Evitar que el acceso se brinde únicamente por el transporte que aporta el trabajador, nos vamos a enfocar con éxito, aportando confianza para que se incremente la posibilidad de reactivar la economía vía delivery.

4. Monitorear la salud de cada trabajador dado su contacto con el cliente.

Hoy sabemos un poco más sobre tiempos, manifestaciones evidentes y signos ocultos del Coronavirus, pero también debemos tomar en cuenta otro tipo de enfermedades que puedan transmitirse de persona a persona.

Esto implica un compromiso del trabajador, de su empleador y de los clientes, para monitorear la salud de quien ejerce el delivery, formando una cadena de control primaria.

Quizá no estemos al nivel de Corea que pudo asistir y realizar pruebas en cada esquina durante el punto más grave de su proceso viral, pero sí podemos, en este caso y otros, validar la salud de los trabajadores en centros de salud locales, según corresponda.

Recuerdo que hace muchos años, las municipalidades exigían un examen médico para quienes tuvieran una relación laboral de contacto receptivo con el cliente, utilizar ese canal o hacerlo mediante los Centros de Salud que se integren a este tipo de controles, es imprescindible.



5. Regular requisitos de empresas del rubro y de empresas que deseen implementarlo para sí mismas.

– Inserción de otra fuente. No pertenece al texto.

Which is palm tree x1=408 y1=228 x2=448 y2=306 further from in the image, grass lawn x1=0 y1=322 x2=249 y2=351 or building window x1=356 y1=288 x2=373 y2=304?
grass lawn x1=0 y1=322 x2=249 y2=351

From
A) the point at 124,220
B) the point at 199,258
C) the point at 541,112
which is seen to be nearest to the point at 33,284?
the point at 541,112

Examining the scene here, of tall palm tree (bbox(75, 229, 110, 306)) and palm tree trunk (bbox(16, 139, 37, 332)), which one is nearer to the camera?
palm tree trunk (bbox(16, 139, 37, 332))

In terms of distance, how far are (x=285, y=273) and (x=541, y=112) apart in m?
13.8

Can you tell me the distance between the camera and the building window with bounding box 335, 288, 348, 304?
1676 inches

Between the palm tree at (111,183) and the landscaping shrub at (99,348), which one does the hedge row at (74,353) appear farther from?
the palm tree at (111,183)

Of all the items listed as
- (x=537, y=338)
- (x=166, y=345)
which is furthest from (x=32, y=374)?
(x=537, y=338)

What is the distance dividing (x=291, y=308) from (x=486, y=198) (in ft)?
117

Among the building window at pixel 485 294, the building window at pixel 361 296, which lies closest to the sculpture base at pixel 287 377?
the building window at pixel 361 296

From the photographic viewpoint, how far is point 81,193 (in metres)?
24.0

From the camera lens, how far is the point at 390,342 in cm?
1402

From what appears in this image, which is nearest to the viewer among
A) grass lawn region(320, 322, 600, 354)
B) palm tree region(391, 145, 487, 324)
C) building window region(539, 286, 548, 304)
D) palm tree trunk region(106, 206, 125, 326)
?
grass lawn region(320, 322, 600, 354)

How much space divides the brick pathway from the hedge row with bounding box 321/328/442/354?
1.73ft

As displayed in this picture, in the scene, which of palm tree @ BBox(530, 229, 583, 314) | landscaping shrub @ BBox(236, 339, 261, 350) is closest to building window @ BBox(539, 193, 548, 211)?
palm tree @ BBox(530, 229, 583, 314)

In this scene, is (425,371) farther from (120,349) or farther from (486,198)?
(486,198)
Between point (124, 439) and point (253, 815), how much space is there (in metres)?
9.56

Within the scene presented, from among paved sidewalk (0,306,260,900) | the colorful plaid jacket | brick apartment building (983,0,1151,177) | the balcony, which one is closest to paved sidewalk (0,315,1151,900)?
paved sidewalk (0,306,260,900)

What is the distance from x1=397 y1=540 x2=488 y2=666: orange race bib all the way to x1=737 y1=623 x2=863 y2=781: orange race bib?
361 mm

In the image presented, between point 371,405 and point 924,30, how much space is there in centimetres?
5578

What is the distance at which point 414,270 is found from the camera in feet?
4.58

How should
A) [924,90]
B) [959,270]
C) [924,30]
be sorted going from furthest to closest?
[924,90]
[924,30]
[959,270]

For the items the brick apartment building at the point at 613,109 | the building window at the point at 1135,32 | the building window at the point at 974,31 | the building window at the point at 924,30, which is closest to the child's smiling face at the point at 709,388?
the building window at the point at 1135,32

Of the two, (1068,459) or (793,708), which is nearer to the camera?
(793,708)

Las empresas deben mejorar la forma de contratación, eso ya lo hemos dicho, pero también deben suscribir servicios de salud especializados para sus trabajadores y no considerarlos "emprendedores" asociados o "socios" por que en términos legales y prácticos no lo son.

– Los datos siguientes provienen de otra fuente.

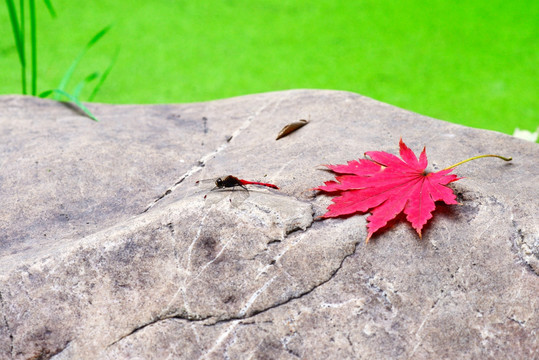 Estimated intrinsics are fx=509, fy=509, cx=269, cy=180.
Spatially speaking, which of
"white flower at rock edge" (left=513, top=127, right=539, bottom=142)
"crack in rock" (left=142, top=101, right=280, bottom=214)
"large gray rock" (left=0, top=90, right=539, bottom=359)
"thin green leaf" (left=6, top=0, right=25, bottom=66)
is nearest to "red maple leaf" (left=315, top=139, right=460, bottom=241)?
"large gray rock" (left=0, top=90, right=539, bottom=359)

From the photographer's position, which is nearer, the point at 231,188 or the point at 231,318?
the point at 231,318

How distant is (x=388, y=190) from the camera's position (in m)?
1.15

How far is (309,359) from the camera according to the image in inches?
37.5

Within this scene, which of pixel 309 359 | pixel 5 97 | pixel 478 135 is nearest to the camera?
pixel 309 359

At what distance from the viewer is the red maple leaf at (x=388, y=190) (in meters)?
1.10

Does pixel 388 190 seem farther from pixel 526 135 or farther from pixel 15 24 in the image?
pixel 15 24

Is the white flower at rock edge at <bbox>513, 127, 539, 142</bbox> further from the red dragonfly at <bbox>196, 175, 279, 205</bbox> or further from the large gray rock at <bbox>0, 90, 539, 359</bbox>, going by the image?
the red dragonfly at <bbox>196, 175, 279, 205</bbox>

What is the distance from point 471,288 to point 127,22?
10.2 feet

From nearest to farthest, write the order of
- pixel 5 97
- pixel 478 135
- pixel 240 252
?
pixel 240 252, pixel 478 135, pixel 5 97

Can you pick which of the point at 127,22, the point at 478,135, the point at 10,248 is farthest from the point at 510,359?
the point at 127,22

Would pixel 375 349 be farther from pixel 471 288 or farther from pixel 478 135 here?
pixel 478 135

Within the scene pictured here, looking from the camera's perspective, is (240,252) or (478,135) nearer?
(240,252)

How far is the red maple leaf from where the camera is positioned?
110 centimetres

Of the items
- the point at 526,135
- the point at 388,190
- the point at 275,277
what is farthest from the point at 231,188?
the point at 526,135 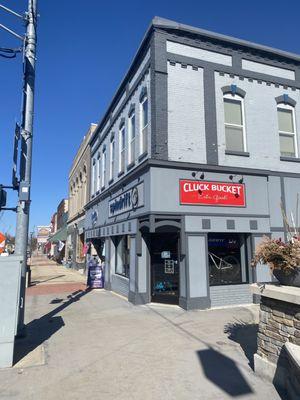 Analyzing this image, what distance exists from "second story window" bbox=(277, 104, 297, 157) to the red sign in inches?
113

El Estado debe velar porque las "figuras de contratación" no impliquen la ausencia de formalidad.

Un número menor de trabajadores, a cargo de zonas de acceso local, tanto como una evaluación al detalle de los procesos de la oferta que se entregará vía delivery son los retos más importantes.

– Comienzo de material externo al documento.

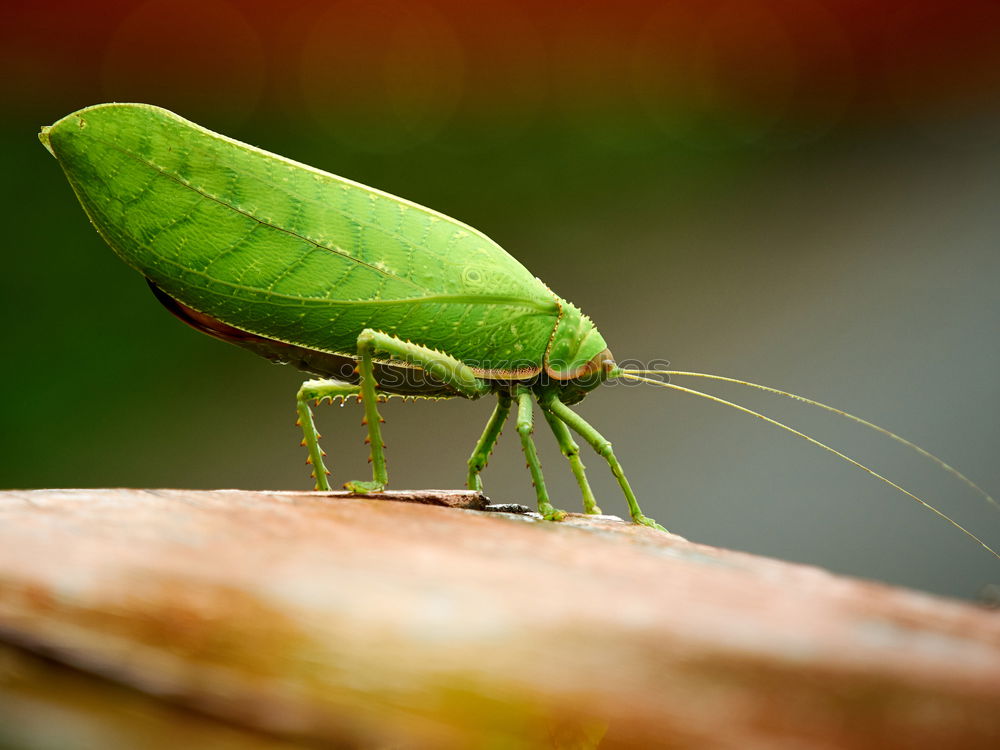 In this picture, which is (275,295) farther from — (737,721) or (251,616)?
(737,721)

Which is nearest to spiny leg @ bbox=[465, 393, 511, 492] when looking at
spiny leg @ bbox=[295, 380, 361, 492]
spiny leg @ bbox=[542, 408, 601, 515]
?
spiny leg @ bbox=[542, 408, 601, 515]

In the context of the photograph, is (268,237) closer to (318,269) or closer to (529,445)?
(318,269)

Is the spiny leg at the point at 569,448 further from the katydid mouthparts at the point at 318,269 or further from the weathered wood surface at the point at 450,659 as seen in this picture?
the weathered wood surface at the point at 450,659

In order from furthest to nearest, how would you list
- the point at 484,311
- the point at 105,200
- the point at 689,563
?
the point at 484,311 < the point at 105,200 < the point at 689,563

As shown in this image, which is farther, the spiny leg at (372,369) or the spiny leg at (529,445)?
the spiny leg at (529,445)

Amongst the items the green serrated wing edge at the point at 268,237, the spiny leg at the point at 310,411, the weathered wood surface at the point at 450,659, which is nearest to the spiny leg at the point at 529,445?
the green serrated wing edge at the point at 268,237

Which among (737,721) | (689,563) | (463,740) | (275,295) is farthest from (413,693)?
(275,295)

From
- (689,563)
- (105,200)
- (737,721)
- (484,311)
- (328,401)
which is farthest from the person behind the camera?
(328,401)

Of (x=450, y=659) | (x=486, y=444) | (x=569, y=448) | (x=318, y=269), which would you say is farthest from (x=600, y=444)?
(x=450, y=659)
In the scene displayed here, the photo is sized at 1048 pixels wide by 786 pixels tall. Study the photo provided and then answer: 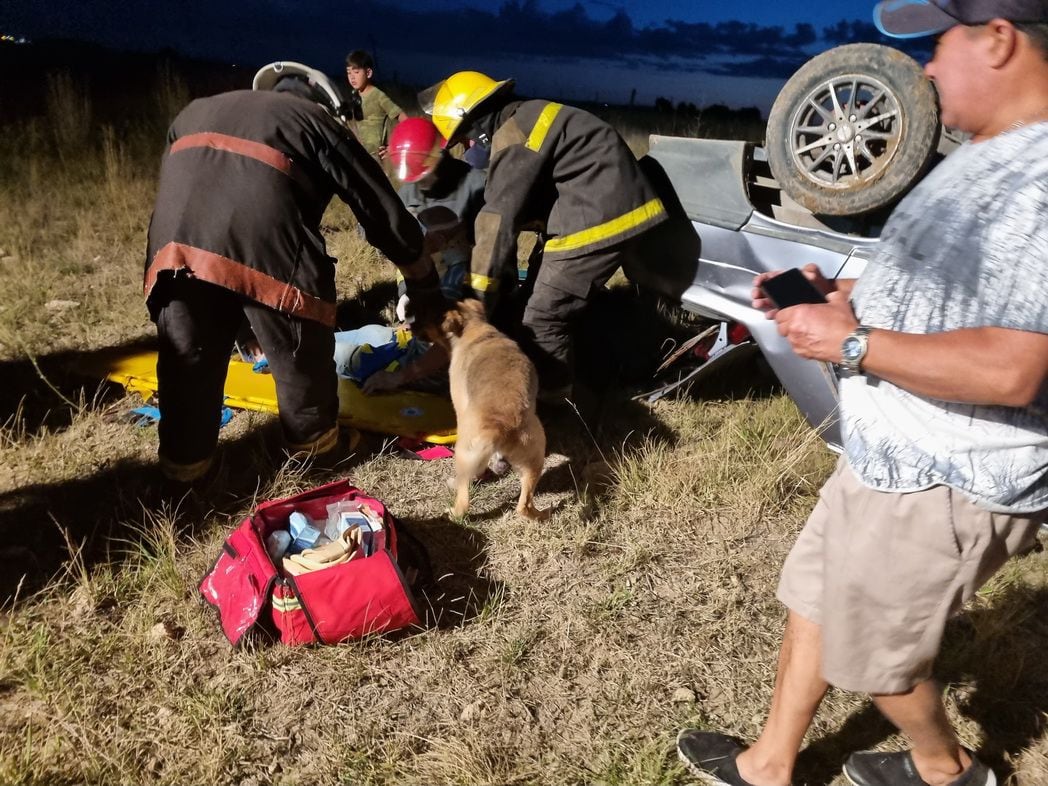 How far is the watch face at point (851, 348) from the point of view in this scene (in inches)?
65.2

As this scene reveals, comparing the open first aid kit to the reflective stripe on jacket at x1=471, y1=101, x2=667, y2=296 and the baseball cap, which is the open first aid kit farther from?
the baseball cap

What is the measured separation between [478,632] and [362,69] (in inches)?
349

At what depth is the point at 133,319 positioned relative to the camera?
5.80 metres

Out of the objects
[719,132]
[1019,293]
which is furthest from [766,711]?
[719,132]

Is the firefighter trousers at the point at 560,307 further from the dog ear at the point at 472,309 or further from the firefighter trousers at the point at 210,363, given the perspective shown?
the firefighter trousers at the point at 210,363

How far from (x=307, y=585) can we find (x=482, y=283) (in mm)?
2243

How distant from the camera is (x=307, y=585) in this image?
2.82 meters

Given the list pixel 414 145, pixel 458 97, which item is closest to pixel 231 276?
pixel 414 145

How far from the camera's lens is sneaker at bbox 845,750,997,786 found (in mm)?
2270

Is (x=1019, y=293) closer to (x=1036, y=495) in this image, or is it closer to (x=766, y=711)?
(x=1036, y=495)

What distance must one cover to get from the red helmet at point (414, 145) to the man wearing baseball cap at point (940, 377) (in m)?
3.11

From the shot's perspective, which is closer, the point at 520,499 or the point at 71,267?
the point at 520,499

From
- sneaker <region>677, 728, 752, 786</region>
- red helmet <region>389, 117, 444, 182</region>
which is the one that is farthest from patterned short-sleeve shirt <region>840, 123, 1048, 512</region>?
red helmet <region>389, 117, 444, 182</region>

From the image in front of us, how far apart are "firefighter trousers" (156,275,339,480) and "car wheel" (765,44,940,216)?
2.73 m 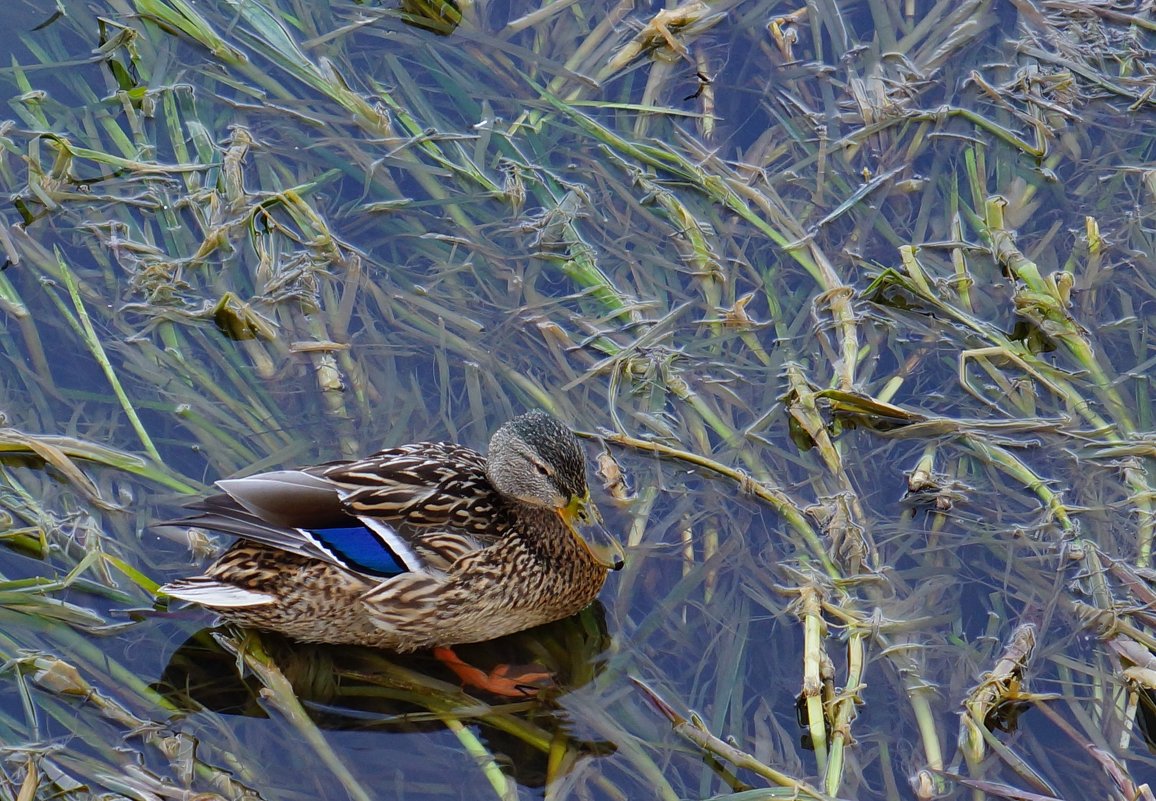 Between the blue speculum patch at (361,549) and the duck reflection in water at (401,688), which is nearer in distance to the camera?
the duck reflection in water at (401,688)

Una de las herramientas para contribuir a la confianza de las personas, tendría relación directa con un ISO o certificación que valide que las organizaciones productoras y gestoras del delivery, tienen procesos adecuados.

El punto 2 es importante que, en la práctica, esté unificado con este aporte.

6. Mantener desreguladas las tarifas para estimular la competitividad.

El costo del delivery, en un escenario posterior a la cuarentena finalmente será regulado por el cliente final, y su deseo de obtener el mejor servicio.

Para ello, más allá de las aplicaciones que en forma directa comunican quién opera el delivery, las empresas que lo establezcan para si mismas, deben identificarse claramente como lo hemos señalado, pero al mismo tiempo establecer con libertad sus tarifas.

Este factor es clave para que el dinamismo de este sector pueda mostrar creatividad y sustentar económicamente su crecimiento.

Si se regula, todo lo demás podría ser un contra sentido.

Quizá, a lo mucho, en el lado sanitario, el Estado podría (debería) invertir en las pruebas para todos los trabajadores, de modo que ello no incida en los costos ni en el acceso al trabajo.

7. Crear un sistema de atención al usuario gestionado por la entidad que regula los derechos de los consumidores

Hasta antes de esta opción, hacer del delivery una vía para reactivar gran parte del movimiento económico de tiendas en general, restaurantes, electrodomésticos y etc., pasaba por una evaluación de la relación entre el gestor, los productos, la logística, el trabajador y los clientes.

Sin embargo, es necesario crear un canal directo para pasar del Libro de Reclamaciones digital o impreso de cada empresa, a uno que conecte al consumidor y a la empresa con la entidad supervisora de los derechos del consumidor.

Esta idea, que es válida para toda la economía, que necesita reducir los tiempos y costos de reclamar sus derechos, permitirá agilizar la mejora continua del servicio.

Como vemos para poder decir que reactivar la economía vía delivery es posible, necesitamos cuando menos, enfocarnos en este modelo de reimplantación de 7 claves, que nos aportarán mucha tranquilidad y nos protegerán de aquello que pueda venir sin darnos cuenta.